Basarwa relocation has nothing to do with prospecting

20 October, 2003 

Basarwa are not being relocated from the Central Kalahari Game Reserve (CKGR) to pave way for mineral prospecting because the technology deployed in such an exercise in Botswana does not require the removal of people from areas being prospected. 
Assistant research and information division director in the Ministry of Foreign Affairs and International Cooperation, Clifford Maribe said there was no need to move people because the Falcon technology involves aerial surveys using gradiometer with no impact at ground level. 

Maribe told the Southern African Broadcasting Association (SABA) general assembly that ended in Gaborone last week that the intention to relocate Basarwa from the CKGR, was therefore purely meant to alleviate poverty within such communities and to avoid land use conflict in the reserve. 

He dismissed as false allegations by Survival International that Basarwa were being moved to pave way for diamond mining because government had made no secret that there was general exploration for minerals throughout the country including the CKGR. 

He said although nothing other than the Gope deposit had been found in the CKGR if a commercially viable deposit was discovered the merits and demerits of mining the deposit would be assessed as government has neither said nor is it saying mining was banned in the CKGR. 

Maribe said in the past three decades, between 10 and 70 per cent of Botswana had been approved for mineral prospecting, including Gaborone and those areas to which the former residents of the CKGR had been relocated to and nobody was ever moved to make way for mineral prospecting. 

In addition, he said of around 1 400 new prospecting licences issued since 1974 only a small percentage of them have resulted in the discovery of mineral deposits and only a small proportion was commercially viable. 

As for issuing of retention licences, Maribe said it was possible for previously uneconomic deposits to overtime become economic and that was why mining companies would want to hold on to uneconomic deposits for as long as they would. 

Maribe further said it must also be noted that mineral rights in Botswana were the property of the state so that they benefit the development of all citizens. 
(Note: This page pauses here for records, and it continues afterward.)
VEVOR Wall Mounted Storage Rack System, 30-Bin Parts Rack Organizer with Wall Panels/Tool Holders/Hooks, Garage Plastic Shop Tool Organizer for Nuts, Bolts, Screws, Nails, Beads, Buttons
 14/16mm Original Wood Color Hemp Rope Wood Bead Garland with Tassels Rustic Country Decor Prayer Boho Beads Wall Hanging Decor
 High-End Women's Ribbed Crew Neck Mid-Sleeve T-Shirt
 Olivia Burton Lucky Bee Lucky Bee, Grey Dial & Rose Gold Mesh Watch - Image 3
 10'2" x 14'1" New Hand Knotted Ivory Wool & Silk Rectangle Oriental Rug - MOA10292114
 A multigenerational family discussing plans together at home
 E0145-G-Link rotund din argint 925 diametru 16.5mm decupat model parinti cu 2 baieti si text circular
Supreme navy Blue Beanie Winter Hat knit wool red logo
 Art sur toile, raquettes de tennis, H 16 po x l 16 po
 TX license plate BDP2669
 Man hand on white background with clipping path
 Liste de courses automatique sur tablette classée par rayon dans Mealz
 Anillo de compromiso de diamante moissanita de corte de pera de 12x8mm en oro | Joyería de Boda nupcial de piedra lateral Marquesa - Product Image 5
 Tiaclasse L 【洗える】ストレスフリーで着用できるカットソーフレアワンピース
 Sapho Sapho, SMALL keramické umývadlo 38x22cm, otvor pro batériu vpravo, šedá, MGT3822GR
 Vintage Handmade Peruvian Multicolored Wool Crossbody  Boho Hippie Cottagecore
He said that was why existing mines in the country were not subject to claims of ownership of mineral rights from communities resident in the areas of exploration and mining development. 

"Survival International is aware of all this information, yet, they persist in making untruthful and misleading allegations about Botswana," said Maribe. 

He informed the delegates that relocation of people from protected areas was not new in Botswana, citing Mababe community as one example after they were relocated from the Moremi Game Reserve to an area next to the reserve. 

The community was now effectively utilising and benefiting from the resources of the game reserve in a sustainable manner, he said. 

Maribe also said Botswana was not a signatory to the International Labour Organisation (ILO) Convention 169 on Indigenous and Tribal Peoples because it considers all Batswana indigenous to this country. 

However, that does not place any ethnic group or member of such ethnic group at any particular disadvantage because Botswana has enshrined in its constitution the protection of fundamental rights and freedoms of individuals. 

However, Maribe said Botswana supports the general principles and objectives of the said ILO conventions, in so far as they relate to the economically disadvantaged sections of its population. 

The government of Botswana, he said was committed to building a nation of equals and every Motswana must have an unimpeded access to the benefits of independence and development. 

"That is why, in as much as Basarwa have to preserve their culture, they must also be granted that opportunity to prepare for their own self-sustenance in the 21st Century and beyond," he said.